Vinacomin, Vietnam's largest coal miner, said it had significantly boosted sales to fuel domestic power plants at the same time as the country is ramping up its coal imports to try to avoid a repeat of last year's power shortages.
The Southeast Asian country, a regional manufacturing hub heavily reliant on coal for power generation, has over the recent years faced pressure to maintain sufficient power supplies during heatwaves.
Coal-fired power plants account for 37.5% of Vietnam’s total installed power generation capacity, but in recent weeks has been responsible for around 67% of total electricity output, according to data from state utility Electricity of Vietnam.
The company's coal sales to power plants totalled 15.3-million metric tons in the January-April period, up 13.8% from a year earlier, the state-run miner, formally known as Vietnam National Coal Mineral Industries Holding, said in a statement this week.
Vinacomin said its monthly sales to power plants in May are expected to be a record 4.1-million tons, without giving comparative figures.

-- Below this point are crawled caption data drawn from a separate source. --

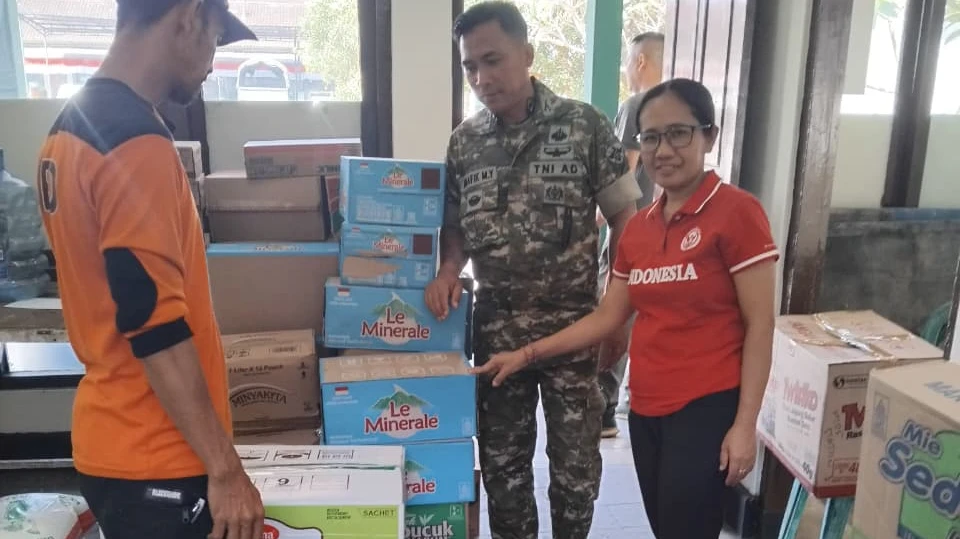 Wujud Solidaritas Sesama, Pemkab Jembrana Galang Donasi Bantuan Gempa NTT Bersama Kodim 1617/Jembrana JEMBRANA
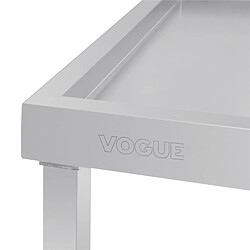 Acheter Table de Sortie Droite pour Lave-Vaisselle à Capot 600mm - Vogue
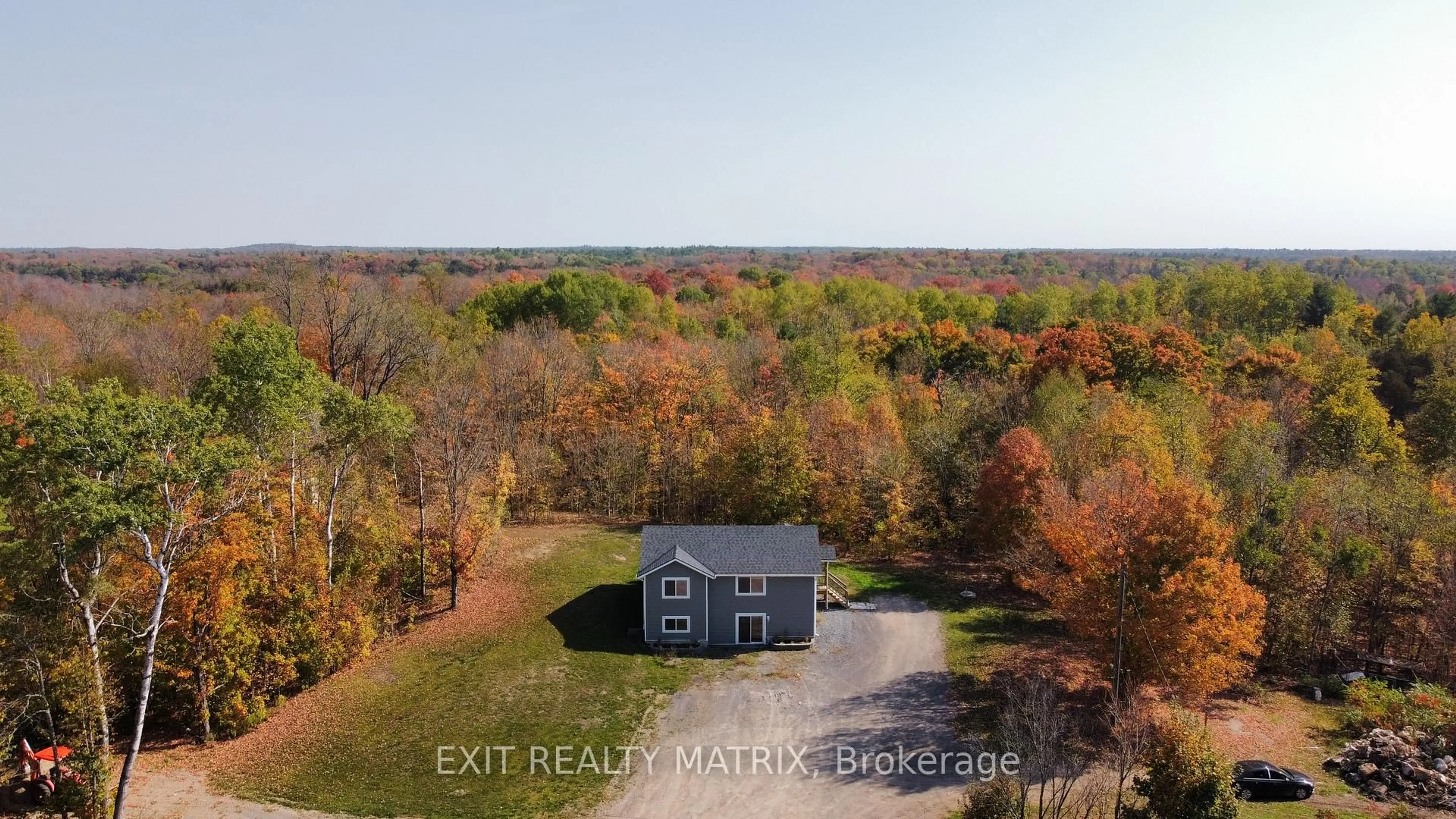 A pic from outside/outdoor area/front of a property/back of a property/a pic from drone, water/lake/river/ocean view for 1424 Bull Lake Rd, Arden Ontario K0H 1B0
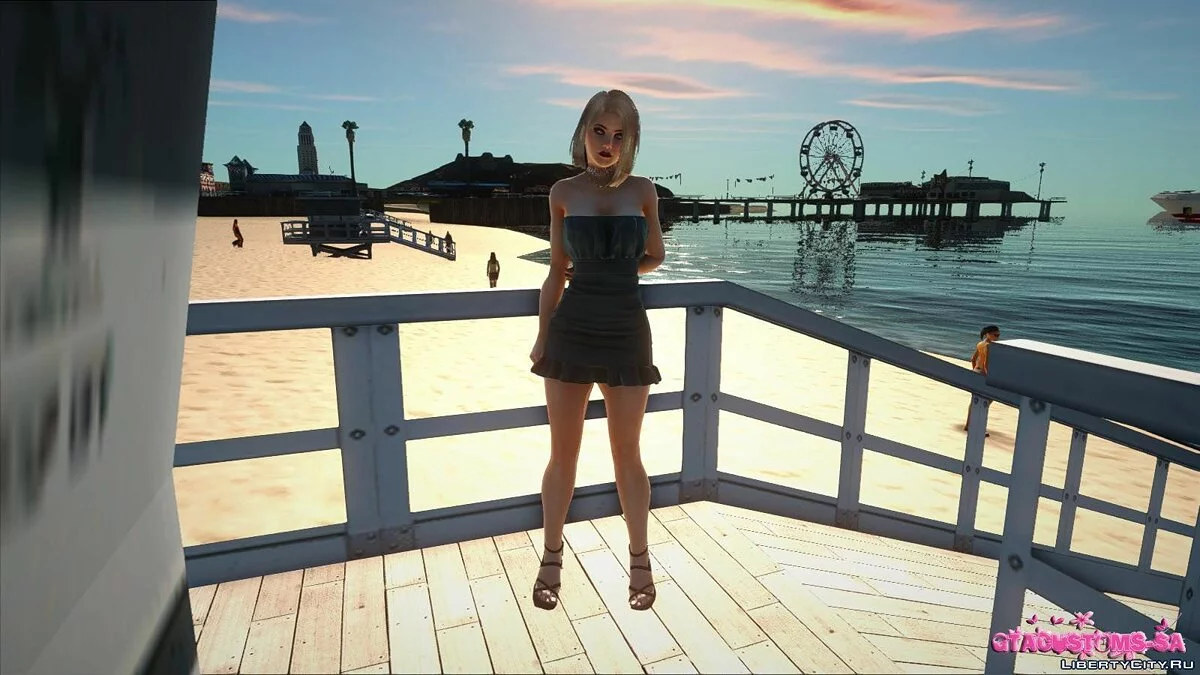 Хелена Дуглас в повседневной одежде v22 / GTA San Andreas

The country, which hosts large manufacturing operations of multinational companies like Samsung Electronics, Foxconn, Intel and Canon, in March vowed there would not be electricity shortages this year.
However, it has struggled to increase domestic coal production and has had to ramp up imports to feed coal-fired power plants. Coal imports in the first four months of this year rose 68% from a year earlier to 20-million tons, according to government data.
Vietnam's total coal output in the first four months of this year fell 1.2% from a year earlier to 15.3-million tons, the data showed.